Les trois
principes d'action :
non sincérité, non jugement, non attachement
Les Savoir-faire du pratiquant : les 3 principes
1. Le principe de non-sincérité (
suite )
On
ne peut conduire et maîtriser nos interactions si on a l'impression
d'en faire partie ; il faudra donc que les relationnistes apprennent
à se dissocier, dans l'action même, c'est-à-dire à se voir agir,
comme s'il s'agissait d'un grand frère sous surveillance. Notre
cours de base fait référence à l'un des principes fondamentaux
de la Méthode Relatio : le principe de non-sincérité, ou, pour
utiliser des termes déjà connus ailleurs, le principe de détachement.
Expliquons
le fonctionnement de ce principe à partir de la façon habituelle
dont nous considérons les interactions. Soit une chaîne de messages
échangés entre A et B, que nous allons écrire, pour simplifier,
de façon linéaire :
...A
=> M1 => B => M2 => A => M3 => B => M4 =>
A => M5...
Cette
chaîne représente les échanges entre A et B au cours d'une conversation
; la nature des messages (M1, M2, M3...) peut être verbale ou
non-verbale : sourires, gifles...
Habituellement, nous considérons que ce que nous disons ou faisons
avec B, est, en quelque sorte une partie de nous-mêmes ; et ce
que B nous répond, ne nous laisse pas indifférent non plus.
Nous
sommes donc concernés, à la fois par ce que nous disons et par
ce que l'on nous répond.
C'est la conception dite " normale " de la communication. On fera
remarquer, que cette conception, soit-disant basée sur la sincérité,
montre, à l'évidence que nous voyons la communication de la façon
la plus égoïste qui soit, puisque nous ne la voyons que de notre
seul point de vue. Dans cette chaîne d'interactions, nous sommes
bien " le centre du monde ".
La
chaîne de communication sera ponctuée ainsi : ..A => M1) => B => (M2 => A => M3) => B =>
(M4 => A => M5)..
En
nous situant au centre de la communication, nous évacuons notre
interlocuteur. Concrètement, dans l'action, cela signifie que
nous prêtons toute notre attention à ce que nous faisons et que
nous ne savons pas voir comment l'autre réagit.
A
l'inverse, la pratique du détachement et du principe de NS nous
apprend à positionner l'autre au centre de la relation, en ponctuant
ainsi la chaîne :
..A
=> (M1 => B => M2) => A => (M3 => B => M4)
=> A => (M5..
Il
s'agit de la même chaîne, mais cette fois, nous nous mettons en
marge de ce qui se passe. Nous sommes complètement dissociés par
rapport à ce qui se passe, par rapport à la chaîne des communications.
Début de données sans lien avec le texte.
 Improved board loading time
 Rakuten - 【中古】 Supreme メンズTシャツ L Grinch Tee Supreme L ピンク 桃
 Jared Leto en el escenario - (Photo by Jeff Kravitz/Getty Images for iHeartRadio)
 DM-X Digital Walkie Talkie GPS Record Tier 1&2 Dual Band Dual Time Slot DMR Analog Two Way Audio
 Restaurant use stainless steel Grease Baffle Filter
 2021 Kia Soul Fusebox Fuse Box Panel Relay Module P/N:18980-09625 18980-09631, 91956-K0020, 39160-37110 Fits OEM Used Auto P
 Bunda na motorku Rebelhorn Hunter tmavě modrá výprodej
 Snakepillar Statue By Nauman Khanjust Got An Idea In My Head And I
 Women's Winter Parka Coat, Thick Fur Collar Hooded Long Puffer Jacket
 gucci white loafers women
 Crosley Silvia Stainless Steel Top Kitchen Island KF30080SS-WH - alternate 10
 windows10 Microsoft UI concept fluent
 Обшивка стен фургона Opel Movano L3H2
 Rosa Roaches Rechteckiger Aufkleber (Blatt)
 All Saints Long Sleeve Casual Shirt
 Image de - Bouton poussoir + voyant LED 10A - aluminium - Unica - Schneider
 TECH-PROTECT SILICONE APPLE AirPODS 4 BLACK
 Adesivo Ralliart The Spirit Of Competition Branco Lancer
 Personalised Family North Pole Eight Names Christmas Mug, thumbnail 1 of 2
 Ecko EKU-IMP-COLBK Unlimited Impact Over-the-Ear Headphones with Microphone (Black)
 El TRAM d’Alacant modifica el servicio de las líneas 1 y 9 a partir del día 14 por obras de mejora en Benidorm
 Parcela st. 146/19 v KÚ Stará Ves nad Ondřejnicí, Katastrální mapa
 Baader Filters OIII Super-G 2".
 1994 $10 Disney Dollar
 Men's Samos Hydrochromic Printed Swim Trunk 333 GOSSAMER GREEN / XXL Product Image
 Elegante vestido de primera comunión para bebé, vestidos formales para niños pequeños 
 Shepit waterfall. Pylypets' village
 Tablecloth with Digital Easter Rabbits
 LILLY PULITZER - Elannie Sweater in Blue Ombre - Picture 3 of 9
Nous sommes au balcon en train de nous regarder agir, dans notre
prestation d'acteur ; nous sommes donc dans la meilleure des positions
qui soient pour dicter à l'autre Moi, notre double, la bonne conduite
à tenir.
Tout se passe comme si nous n'étions pas concernés, ni par ce
que nous faisons, ni par ce que l'autre nous dit et nous fait.
D'où le nom provocateur de ce principe et de sa pratique : principe
de non-sincérité, auquel on a le droit de préférer le nom plus
zen et plus neutre, de principe de détachement.